III. POST-TRIAL MOTIONS

Plaintiffs aver the following in support of their motions: (1) that the court erroneously permitted defendants to exhibit to the jury motion pictures depicting an out-of-court experiment with a Volkswagen; (2) that the court erroneously failed to permit the reading to the jury of plaintiffs' pre-trial requests for admissions that were denied generally by defendants; (3) that the court erroneously instructed the jury that in order to find for plaintiffs they must find that plaintiffs " would have recovered" against Volkswagen if suit had been instituted by the present attorney defendants against that company originally; (4) that the court abused its discretion by curtailing cross-examination of defendant Alan Kauffman; and (5) that the court erroneously failed to instruct the jury that because defendants permitted the statute of limitations to expire with respect to an action against Volkswagen, they were therefore negligent and liable to plaintiffs.

A. Motion Pictures

Plaintiffs' theory of liability asserted at trial against defendants was that defendants were negligent in failing to adequately investigate and thereafter assert a products liability and/or breach of warranty claim as to the manufacturer and/or seller of the Volkswagen operated by Frank Canuso. To support the validity of such a claim, in accord with the prevailing " case within a case" requirement in the proof of a legal malpractice action, plaintiffs undertook to prove that if such a suit had been commenced by defendants, it would have been successful.

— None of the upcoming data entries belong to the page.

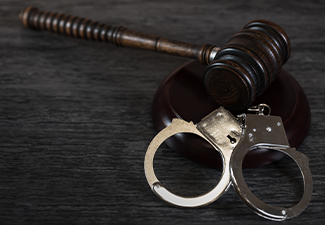 Handcuffs and gavel on dark rustic table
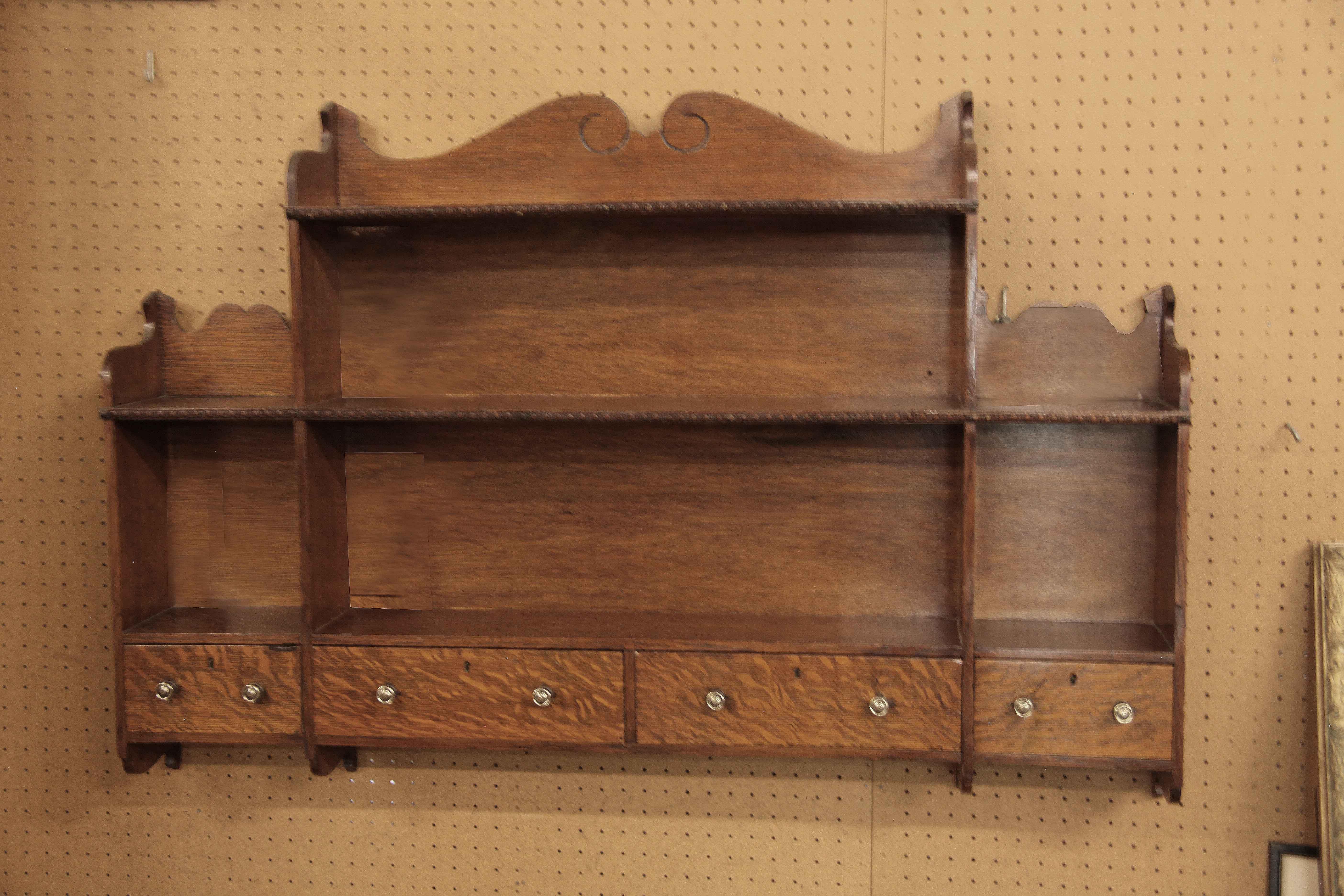 English oak hanging shelf,  the center top section with serpentine shape,  the shelves in the center and each end have clearance of 9.5'' (bottom shelf) and 8'' for the one above.  The four drawers feature beautiful quarter sawn oak and brass knobs.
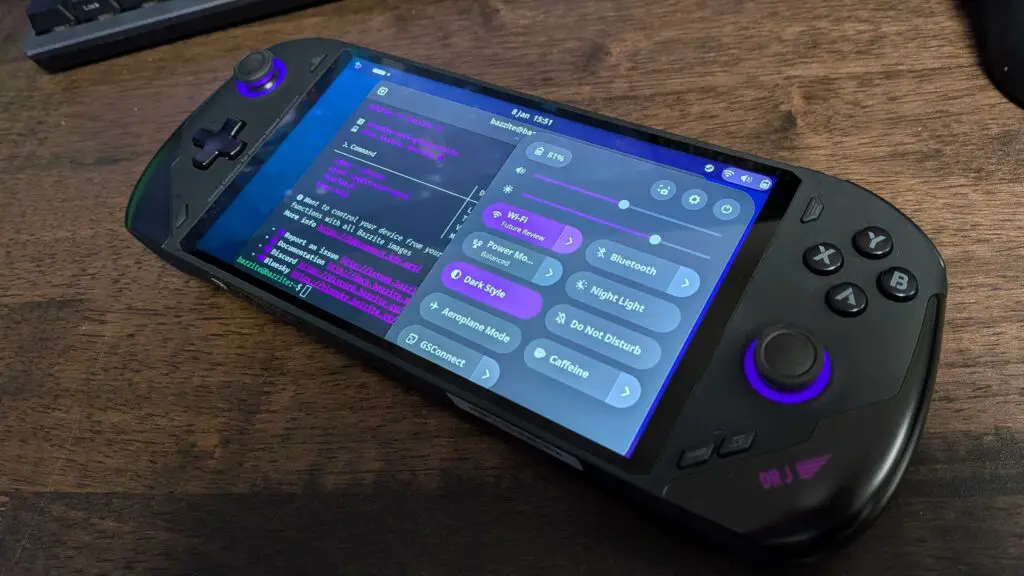 A handheld gaming PC on a desk running Bazzite, a Linux OS, on-screen.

Central to this contention was the testimony of Messrs. Merz and Kornhauser, two experts called by plaintiffs to narrate their opinions regarding the purportedly defective Volkswagen. Merz testified that a 1970 Volkswagen, when loaded with occupants of the same weight as the persons in the Canuso vehicle at the time of the accident, had only nine-sixteenths of an inch of " stroke" or " travel" remaining in its front end suspension shock absorbers. Due to this limited " stroke," Merz opined that the front end suspension of the Volkswagen was defectively designed even for normal operation on the highway. Kornhauser, in response to a more specific inquiry, testified that a vertical impact to the front end caused by striking a curb three and three-quarter inches high would, in his opinion, and under other assumed conditions, cause the suspension system to " bottom-out" or become ineffective. This, he stated, would result in the transfer of all of the vertical forces applied to the front wheels directly to the vehicle frame, thence upward to its seats and the occupants thereon.

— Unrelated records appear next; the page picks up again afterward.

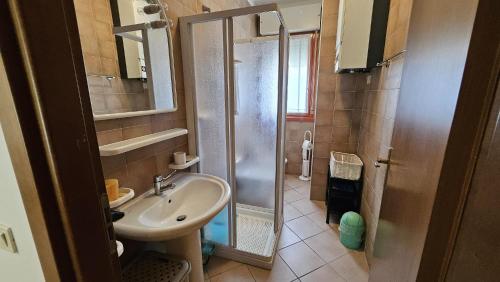 a small bathroom with a shower and a sink at Villaggio Tirreno appartamento 02 in Rosolina Mare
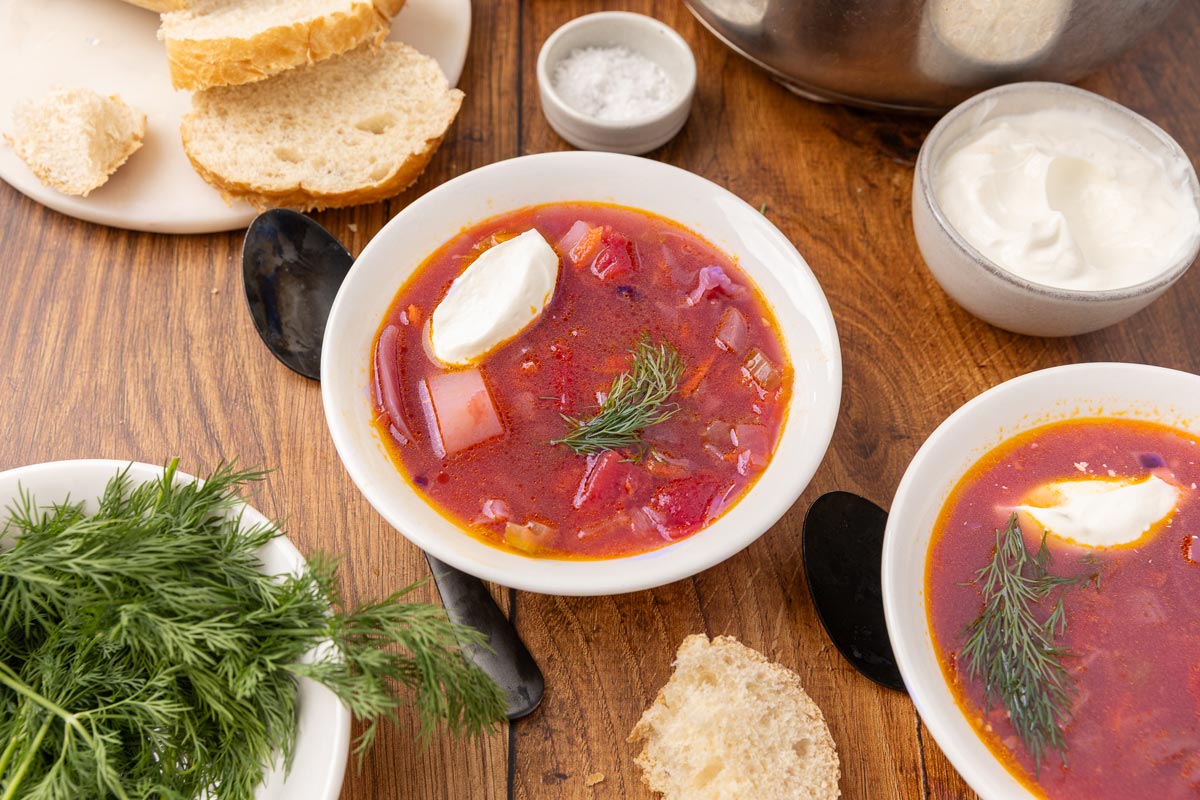 Bowl of traditional Ukranian borscht with slices of bread.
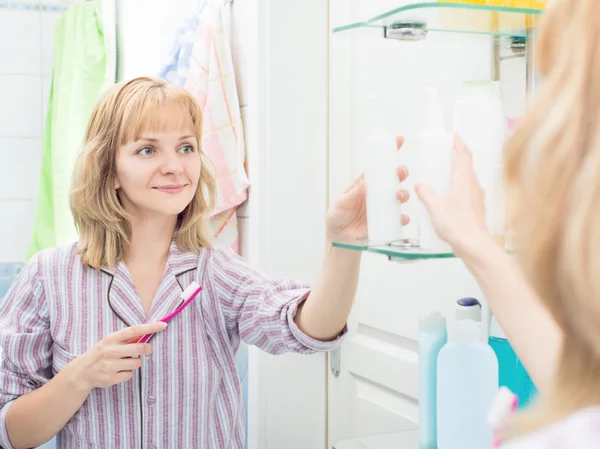Mulher escovando dentes no banheiro — Fotografia de Stock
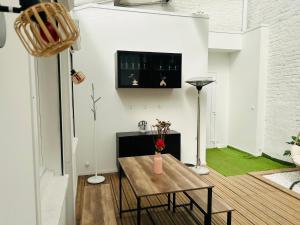 a living room with a table and a tv at Green Love Suite in Tourcoing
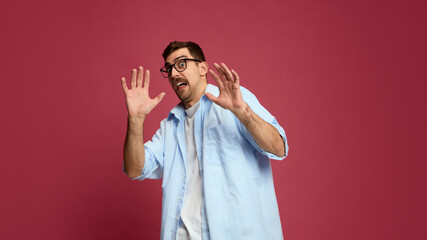 Frightened man raising hands in defensive gesture with scared expression. Concept of mental health awareness, panic attack illustration, fear response, and stress management psychology.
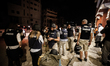 Journalists gather in front of Al Deira hotel after most of the so called Beach Hotels in...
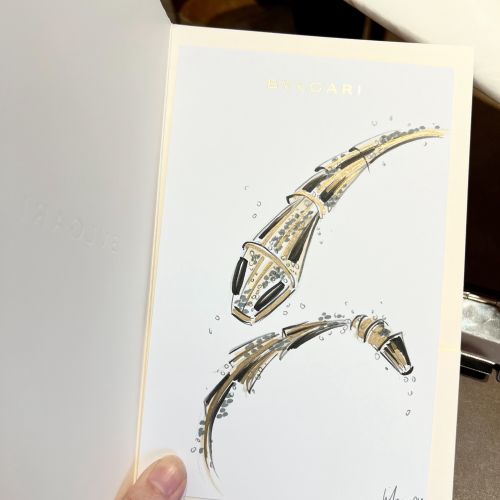 Hand holding card with abstract gold and black futuristic shapes artwork.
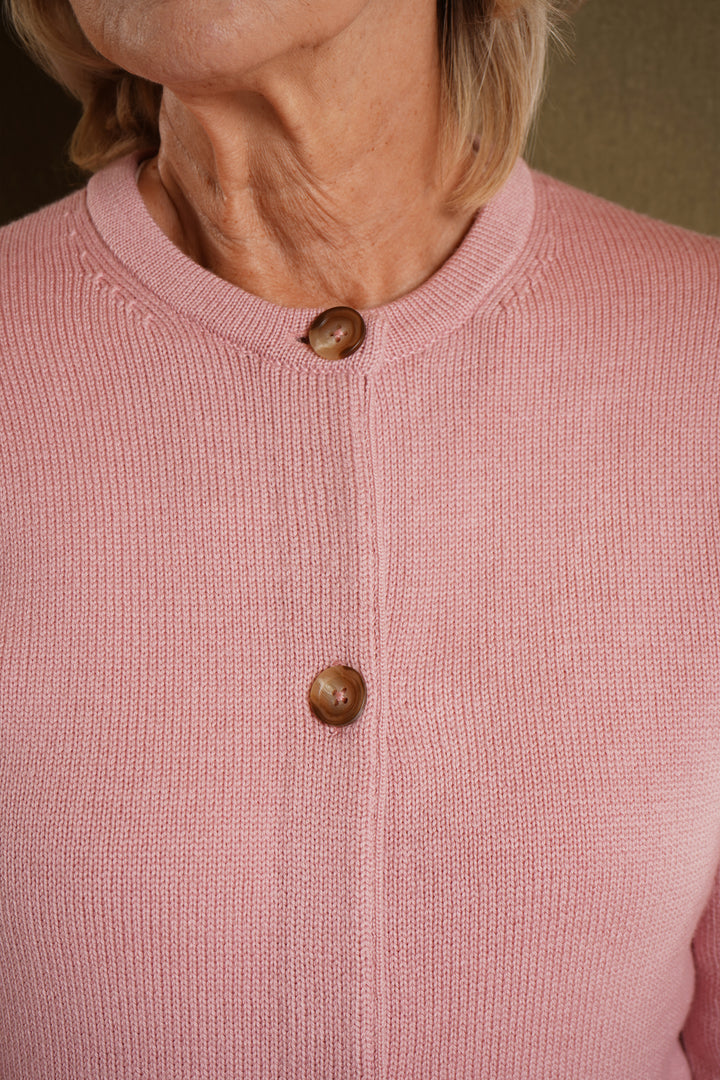 Close-up of a pink cardigan with buttons on a blurred background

In order to rebut this evidence of a design defect and its causal relationship to Claire McGrorey's injuries, defendants consulted with the Calspan Corporation, a Buffalo, New York engineering concern. Calspan performed dynamic experiments involving a moving Volkswagen mounting curbs of varying heights at different speeds and various approach angles; these experiments were filmed by Calspan and exhibited to the jury during defendants' case. Plaintiffs assert that these filmed experiments were erroneously introduced in evidence. We disagree.

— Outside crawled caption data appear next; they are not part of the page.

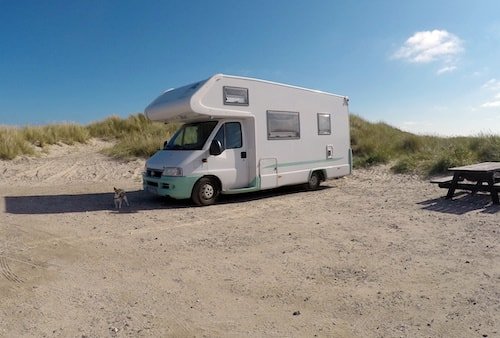 A white camper van parked on a sandy beach near grassy dunes under a clear blue sky, with a small dog standing nearby.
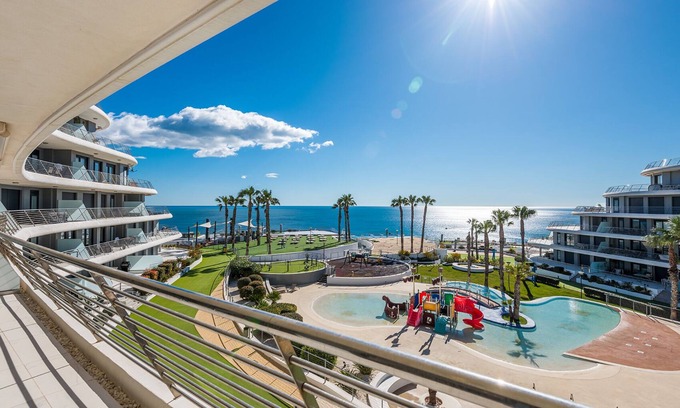 Els Arenals del Sol Apartment | Luxury Beachfront apt Infinity View. Seaview, Heated pool, 3 Jacuzzis & Gym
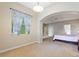 Spacious bedroom showcasing an archway and bright window at 1904 Eloise Cove Dr, Winter Haven, FL 33884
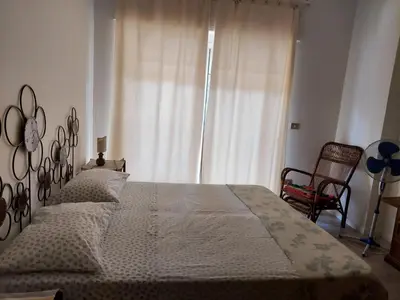 Letto o letti in una camera di La Perla al mare 300mt from Perla Marina Beach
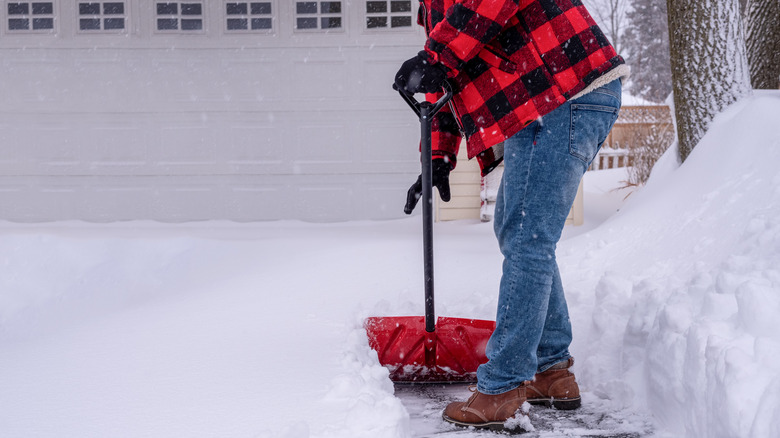 man shovels snowy driveway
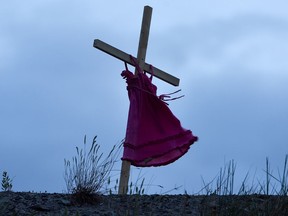 A child's red dress hangs on a stake near the grounds of the former Kamloops Indian Residential School after the remains of 215 children, some as young as three years old, were found at the site.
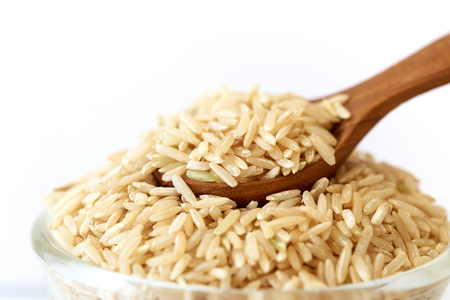 brown rice on white background , healthy foodの写真素材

In these experiments, Norris Shoemaker, the head of the experimental test section of the Calspan transportation research department, drove a 1970 Volkswagen over curbs of three and three-quarter and two and one-half inches in height and at approximate speeds of 20, 30, 35 and 38 miles per hour. The angle of impact on the several approaches was varied between 20 and 30 degrees. The test Volkswagen was a 1970 model manufactured in July 1969, equipped with its original parts. Inside the vehicle, in addition to Shoemaker, were Elizabeth Goodier in the right front passenger seat, and Robert Scott, a photographer, in the rear seat. Two 16 mm motion picture cameras were used to record the experiments -- a Canon camera provided a frontal view of the vehicle at impact, while an Arriflex camera filmed the movement of the right front passenger during the various trial runs over the curbs. Calspan spliced the two films to provide a sequential showing of the respective exterior and interior views at each combination of curb height, speed and impact angle.

These motion picture films depicted an experiment seeking to replicate an event as represented in narrative testimony offered by plaintiff. To judge the propriety of admission of this film, evidential concepts relating both to the admissibility of motion pictures and to experiments must be considered. The former shall be discussed first.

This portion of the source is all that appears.